3. Two types of complexity in data are a) when some classes are very rare, and b) when data may be available at different levels of granularity, e.g. mortality rates may be available at district level but age at individual level. As stepping stones to SDaP formulations for a variety of complex data, we tackled these two problems. For the first, we showed that an ensemble of trees where splitting criterion is based on alpha divergence (generalization of KL), with different values of alpha, is very robust to a range of imbalances. For the second, we formulated a generative scheme and applied it successfully to healthcare data. Both works are accepted/published in journals in addition to conference publications.

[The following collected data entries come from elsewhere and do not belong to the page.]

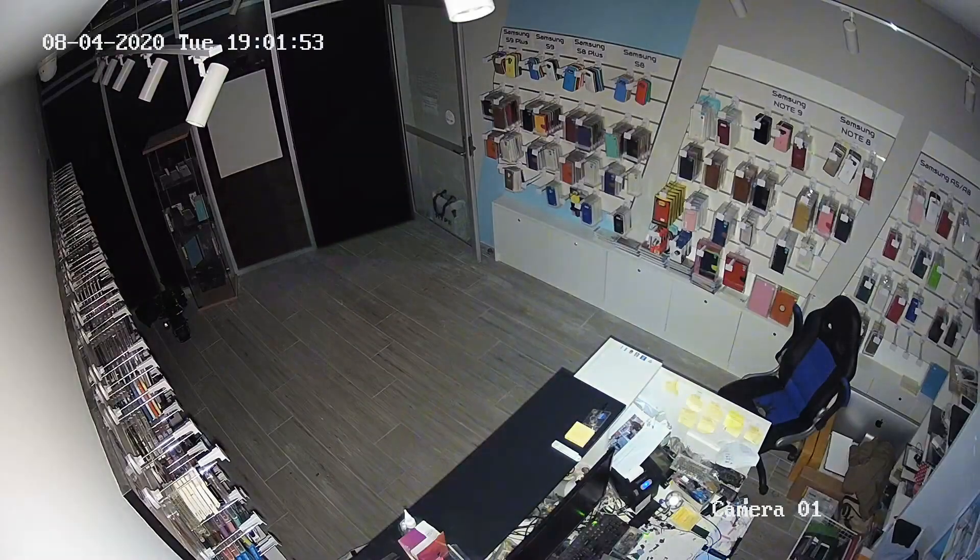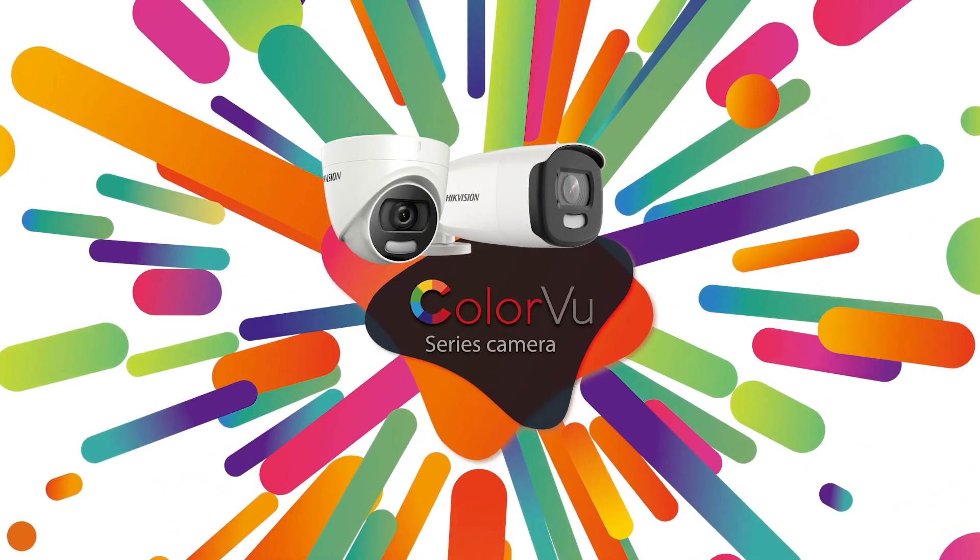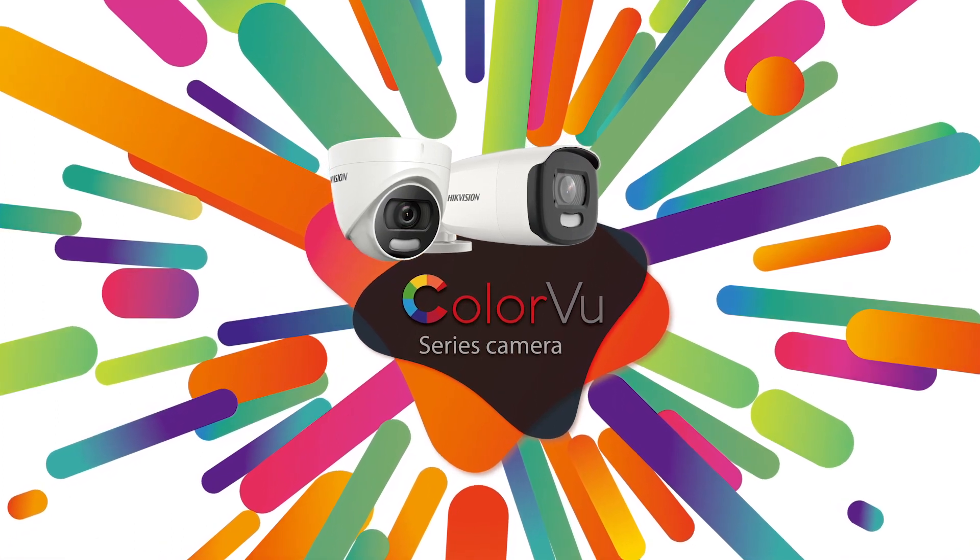The ColorView camera is also equipped with a supplemental light to maintain its performance even in extremely dark scenarios. ColorView — view in colour, even in darkness.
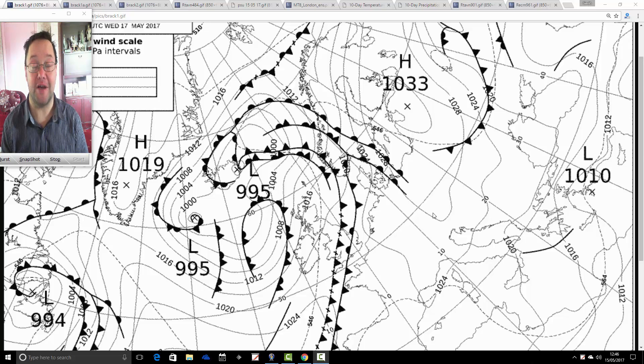Hello everyone, thanks for joining today's video. We're going to have a look at the weather for the next 10 days, taking us to the 25th of May towards the latter stages of the month. Later on today we'll have the second update for the late spring bank holiday weekend — the first one was on Saturday, and the second one is coming up this evening around 7 o'clock.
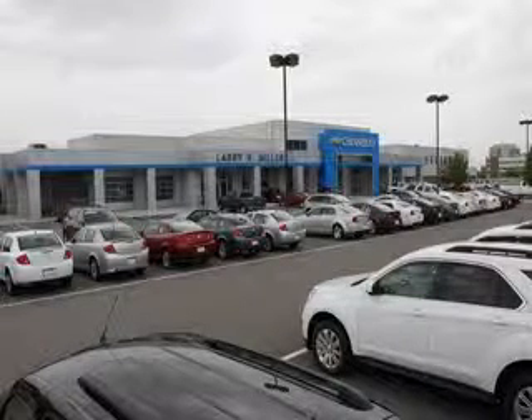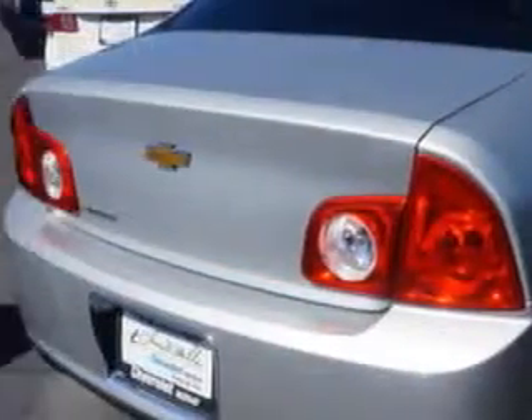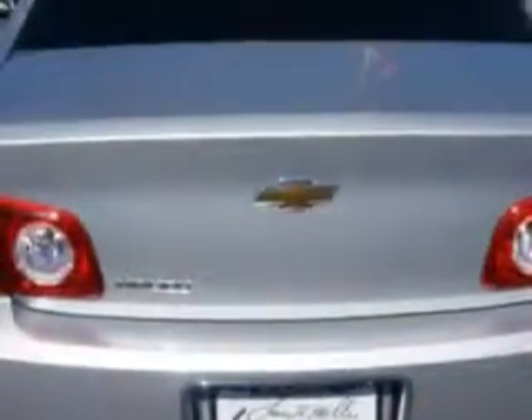Thank you for selecting Larry H. Miller Chevrolet Murray, where we have hundreds of new, pre-owned and certified vehicles to choose from. Check out this Silverice Metallic 2010 Chevrolet Malibu, equipped with a four-cylinder engine and an automatic transmission.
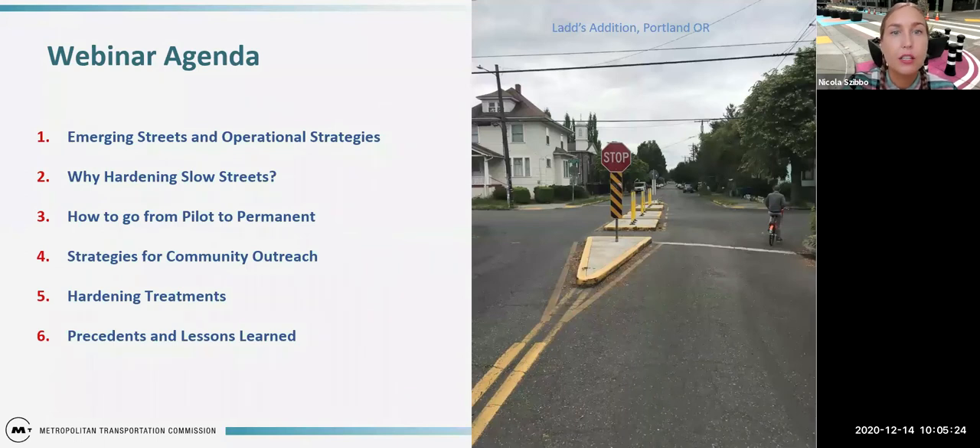Our agenda for today covers emerging street types and operational strategies implemented in the Bay Area and across North America and the world. We'll go into the rationale and strategies you can use to make hardening initiatives more defensible for slow streets, discuss how to go from pilot to permanent, talk about the importance of community outreach and engagement, cover hardening strategies and treatments, and go over several precedent projects, case studies, and lessons learned.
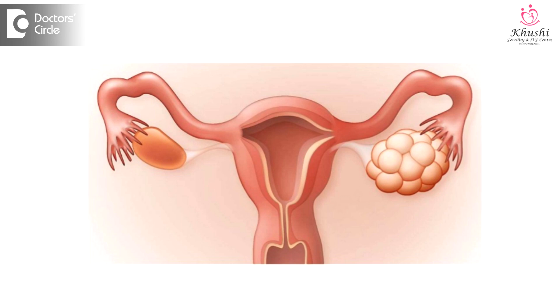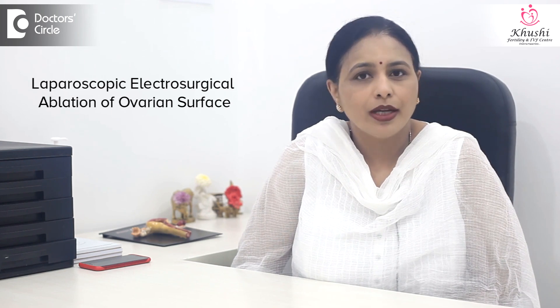Usually, when women have polycystic ovaries, they don't ovulate on their own. With ovulation induction drugs, most of them do ovulate, but there can be resistant polycystic ovaries who don't ovulate despite taking medications. In such cases, if a laparoscopic electrosurgical ablation of the ovarian surface is done — which is called NEOS — this reduces the ovarian stromal volume and also the stroma that produces male hormones, and encourages ovulation to happen either spontaneously or with the help of medications.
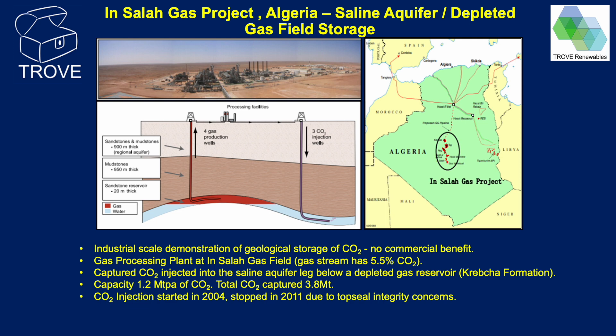The In Salah gas project in Algeria was an industrial-scale demonstration of geological storage. CO2 injection started in 2004, at which time it was the world's second saline aquifer storage project of scale. CO2 was removed from the natural gas well stream and injected into the saline aquifer below the depleted gas reservoir. Unlike Sleipnir and Snow White, at In Salah the saline aquifer was in contact with the water leg of the gas field and its condition may have been modified by gas production activity. Injection capacity was 1.2 million tonnes a year, and a total of 3.8 million tonnes was captured before the project was shut down in 2011. The CO2 injection triggered a small earthquake which, whilst having no impact on any structures, was considered indicative of a potential failure of the top seal of the saline aquifer, and injection operations were shut down. This is the only example of CCUS-induced seismicity in saline aquifers that we are aware of.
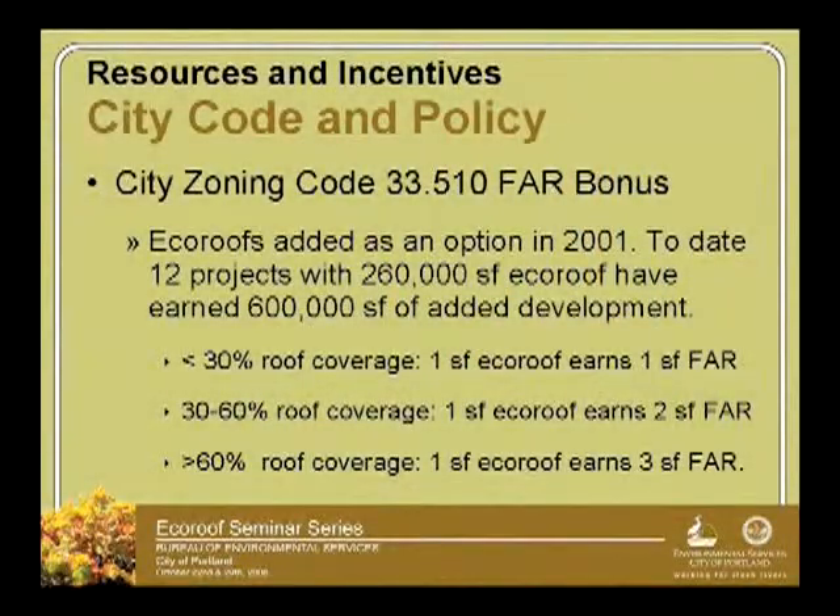We have zoning code 33.510, the floor area ratio (FAR) bonus, and EcoRoofs were added to that in 2001. We've had 260,000 square feet of EcoRoof installed to meet this requirement. You can see the numbers showing how much FAR bonus you get for how much EcoRoof you put in.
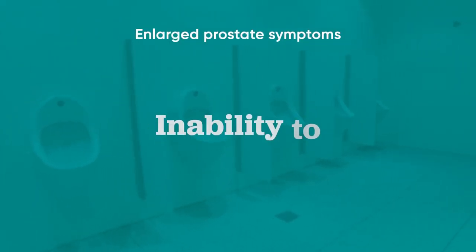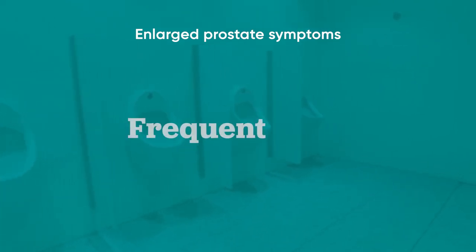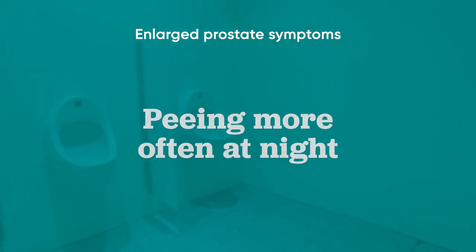How do you know if you have an enlarged prostate? Your symptoms will be things like weak urinary flow, inability to empty your bladder, straining to urinate, and then going back five minutes later to empty your bladder again, and getting up several times at night to use the restroom.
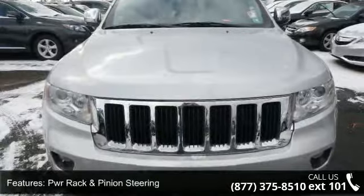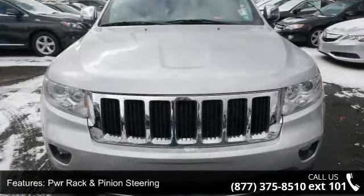A test drive is waiting for you. Call now to schedule an appointment at our dealership.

4. We have started investigation of the methodology to health informatics where genes and diseases are the two modes, both modes have several associated properties and known interaction, and the gene-disease matrix is partially observed, where known relations are codes as '1', while the rest are all considered 'unknown, likely zero'. We have developed a general approach of "constrained relative entropy minimization". This is a generalization of classical Bayesian methods, but its big advantage is that it can incorporate domain constraints in a natural fashion even in situations where it is otherwise difficult to formulate a "prior" with such knowledge. Moreover, this framework can be applied to multitask learning problems. Our results beat the current "ProDiGe" methods for the challenging gene-disease association problem, and will appear in Machine Learning Jl.

5. A collaboration with Sarnoff focussed on photo recommendation, where people and pictures are the two modes. We obtained state of the art results with both SCOAL and using a method called RLFM as the predictive models within each segment. RLFM combines both probabilistic matrix factorization and regression in a mixed-effects framework, with good abilities for both cold and warm start.

6. We have developed a set of tools using ideas of monotonicity and convexity, to address the general problem of ranking, which is at the core of many recommender systems. Our results are beating other ranking methods such as CofiRank. A spinoff from this work was a new way of determining a suitable divergence for learning GLMs, leading to an invited keynote talk at an ICML13 workshop. A margin enhanced version will appear in UAI'14.

7. We have started exploring how SDAP can be used for tensor data, specifically obtained from EHR, and to be used for high-throughput phenotyping. The base model will appear in Jl. Biomedical Informatics (a top journal for this topic), and our first enhancement has been accepted for KDD'14.